++++ GIVEN RECORDS ++++

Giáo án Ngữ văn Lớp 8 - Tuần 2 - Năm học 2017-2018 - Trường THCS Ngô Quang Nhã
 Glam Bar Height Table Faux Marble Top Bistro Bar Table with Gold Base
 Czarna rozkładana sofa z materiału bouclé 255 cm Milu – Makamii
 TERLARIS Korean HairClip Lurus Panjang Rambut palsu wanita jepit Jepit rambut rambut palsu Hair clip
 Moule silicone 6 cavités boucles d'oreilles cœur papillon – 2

++++
++++ GIVEN RECORDS ++++

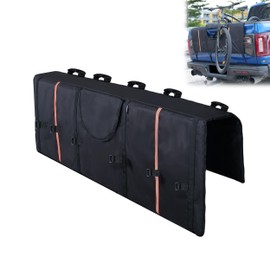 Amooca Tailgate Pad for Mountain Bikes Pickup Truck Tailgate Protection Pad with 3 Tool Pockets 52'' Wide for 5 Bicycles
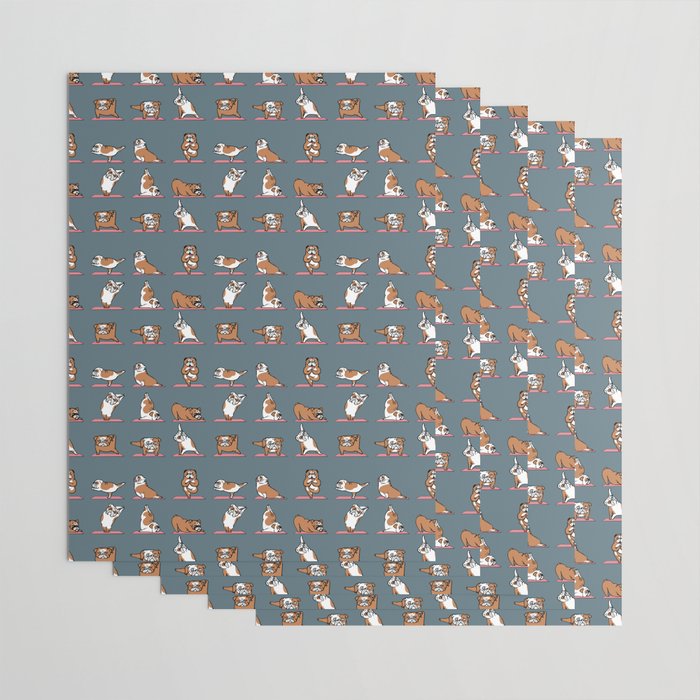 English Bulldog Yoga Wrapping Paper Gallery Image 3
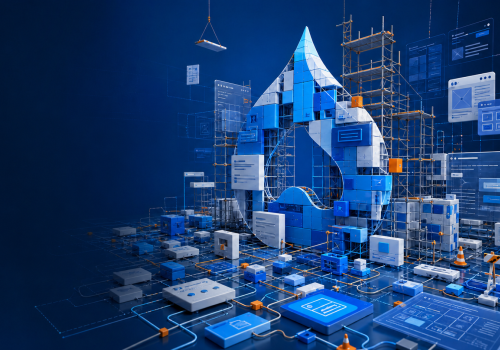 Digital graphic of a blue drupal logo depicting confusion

++++

• _WHAT TO WORK ON_
Above are some entries. Restate word for word the lines from the one holding "Amooca Tailgate Pad" through the one holding "Digital graphic of", but not the pictures.

• _RESULT OF THIS TASK_
 Amooca Tailgate Pad for Mountain Bikes Pickup Truck Tailgate Protection Pad with 3 Tool Pockets 52'' Wide for 5 Bicycles
 English Bulldog Yoga Wrapping Paper Gallery Image 3
 Digital graphic of a blue drupal logo depicting confusion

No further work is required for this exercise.